[Input records Boundary: Start]

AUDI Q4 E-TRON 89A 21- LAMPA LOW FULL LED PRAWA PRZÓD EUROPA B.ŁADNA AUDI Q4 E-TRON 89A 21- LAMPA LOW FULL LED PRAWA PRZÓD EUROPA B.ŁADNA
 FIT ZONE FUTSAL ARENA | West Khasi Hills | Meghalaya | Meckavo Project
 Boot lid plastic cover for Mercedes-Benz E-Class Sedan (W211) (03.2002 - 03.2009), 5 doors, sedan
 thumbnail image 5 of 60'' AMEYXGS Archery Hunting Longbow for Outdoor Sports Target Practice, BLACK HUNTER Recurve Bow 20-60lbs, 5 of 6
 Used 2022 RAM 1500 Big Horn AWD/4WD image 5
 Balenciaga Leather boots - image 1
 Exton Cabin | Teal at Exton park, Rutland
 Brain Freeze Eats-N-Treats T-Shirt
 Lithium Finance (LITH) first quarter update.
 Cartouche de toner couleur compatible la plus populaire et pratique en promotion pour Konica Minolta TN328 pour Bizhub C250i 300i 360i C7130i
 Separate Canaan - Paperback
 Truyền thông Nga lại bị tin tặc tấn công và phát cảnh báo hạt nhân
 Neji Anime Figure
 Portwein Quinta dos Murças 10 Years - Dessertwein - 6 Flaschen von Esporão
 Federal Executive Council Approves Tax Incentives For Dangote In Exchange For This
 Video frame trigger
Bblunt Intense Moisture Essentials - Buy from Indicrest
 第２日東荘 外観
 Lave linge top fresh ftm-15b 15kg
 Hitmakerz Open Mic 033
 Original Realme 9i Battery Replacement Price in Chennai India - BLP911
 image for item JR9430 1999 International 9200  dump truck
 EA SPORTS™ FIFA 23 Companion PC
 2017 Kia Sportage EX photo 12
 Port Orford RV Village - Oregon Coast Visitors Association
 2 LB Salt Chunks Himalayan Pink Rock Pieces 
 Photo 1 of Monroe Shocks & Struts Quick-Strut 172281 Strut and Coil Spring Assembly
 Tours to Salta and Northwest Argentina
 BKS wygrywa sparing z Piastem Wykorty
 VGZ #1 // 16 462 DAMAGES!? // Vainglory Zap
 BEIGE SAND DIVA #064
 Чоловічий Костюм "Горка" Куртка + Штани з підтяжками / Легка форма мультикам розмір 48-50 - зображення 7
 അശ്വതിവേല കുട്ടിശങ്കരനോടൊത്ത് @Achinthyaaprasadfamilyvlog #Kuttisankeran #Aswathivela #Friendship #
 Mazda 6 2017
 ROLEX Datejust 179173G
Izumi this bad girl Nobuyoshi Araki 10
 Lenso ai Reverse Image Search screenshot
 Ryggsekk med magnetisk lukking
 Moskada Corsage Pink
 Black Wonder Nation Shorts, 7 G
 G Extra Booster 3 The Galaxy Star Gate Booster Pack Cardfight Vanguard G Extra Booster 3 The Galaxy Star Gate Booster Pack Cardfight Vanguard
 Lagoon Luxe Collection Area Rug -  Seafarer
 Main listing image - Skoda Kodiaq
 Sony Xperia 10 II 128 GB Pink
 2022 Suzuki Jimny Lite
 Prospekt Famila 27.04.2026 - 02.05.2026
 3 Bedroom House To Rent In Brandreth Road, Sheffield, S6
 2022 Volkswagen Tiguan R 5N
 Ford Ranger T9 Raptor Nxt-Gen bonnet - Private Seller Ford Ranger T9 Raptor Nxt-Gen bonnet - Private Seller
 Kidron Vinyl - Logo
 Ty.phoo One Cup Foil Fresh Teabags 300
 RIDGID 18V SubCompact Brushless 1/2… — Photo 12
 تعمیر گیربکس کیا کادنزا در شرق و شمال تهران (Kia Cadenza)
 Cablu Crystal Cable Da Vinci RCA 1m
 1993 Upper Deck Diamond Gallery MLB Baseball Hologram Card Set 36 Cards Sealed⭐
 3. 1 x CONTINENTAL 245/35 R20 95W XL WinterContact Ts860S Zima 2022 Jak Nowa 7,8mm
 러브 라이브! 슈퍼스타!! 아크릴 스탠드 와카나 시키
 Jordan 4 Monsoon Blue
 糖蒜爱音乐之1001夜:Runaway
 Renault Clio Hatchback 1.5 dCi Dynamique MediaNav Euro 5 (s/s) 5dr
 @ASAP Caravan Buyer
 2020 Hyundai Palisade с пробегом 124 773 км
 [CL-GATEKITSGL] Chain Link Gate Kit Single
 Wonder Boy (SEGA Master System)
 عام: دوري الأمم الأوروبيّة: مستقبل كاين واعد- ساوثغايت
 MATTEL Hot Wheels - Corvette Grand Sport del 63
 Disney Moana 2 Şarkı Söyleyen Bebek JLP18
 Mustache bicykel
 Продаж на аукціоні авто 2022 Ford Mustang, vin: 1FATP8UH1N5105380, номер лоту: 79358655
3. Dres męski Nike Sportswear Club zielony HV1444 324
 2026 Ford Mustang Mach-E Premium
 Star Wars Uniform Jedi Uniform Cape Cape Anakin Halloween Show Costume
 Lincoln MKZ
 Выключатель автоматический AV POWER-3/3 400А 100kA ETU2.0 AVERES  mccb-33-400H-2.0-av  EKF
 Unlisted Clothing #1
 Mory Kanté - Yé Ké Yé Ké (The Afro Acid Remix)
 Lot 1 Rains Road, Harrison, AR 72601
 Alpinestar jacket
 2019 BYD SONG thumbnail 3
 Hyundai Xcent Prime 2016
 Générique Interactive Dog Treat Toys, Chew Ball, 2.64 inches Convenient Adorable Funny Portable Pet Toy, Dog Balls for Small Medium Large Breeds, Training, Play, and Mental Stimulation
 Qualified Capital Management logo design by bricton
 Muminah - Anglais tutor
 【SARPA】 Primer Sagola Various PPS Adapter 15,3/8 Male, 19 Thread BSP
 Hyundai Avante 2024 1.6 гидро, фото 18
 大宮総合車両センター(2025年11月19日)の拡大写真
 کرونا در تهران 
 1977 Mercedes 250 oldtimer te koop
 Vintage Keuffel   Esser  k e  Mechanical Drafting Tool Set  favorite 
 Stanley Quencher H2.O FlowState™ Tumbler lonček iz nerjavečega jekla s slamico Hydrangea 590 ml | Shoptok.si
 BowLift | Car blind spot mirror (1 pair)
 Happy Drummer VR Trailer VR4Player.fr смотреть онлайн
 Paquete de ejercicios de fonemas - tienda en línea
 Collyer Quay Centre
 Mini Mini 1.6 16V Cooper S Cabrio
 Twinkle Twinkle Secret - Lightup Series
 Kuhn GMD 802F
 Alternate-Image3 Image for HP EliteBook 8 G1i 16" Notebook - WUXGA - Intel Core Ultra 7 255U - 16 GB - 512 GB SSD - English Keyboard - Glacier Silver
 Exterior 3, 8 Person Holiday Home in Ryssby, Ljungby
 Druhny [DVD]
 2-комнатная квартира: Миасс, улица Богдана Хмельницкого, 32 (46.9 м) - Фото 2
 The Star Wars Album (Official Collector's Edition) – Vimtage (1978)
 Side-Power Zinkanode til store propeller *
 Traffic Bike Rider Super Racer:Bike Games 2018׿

[Input records Boundary: End]

Search the entries above for the word "Wars", and copy every line where it occurs.

■ Result for this exercise:
 Star Wars Uniform Jedi Uniform Cape Cape Anakin Halloween Show Costume
 The Star Wars Album (Official Collector's Edition) – Vimtage (1978)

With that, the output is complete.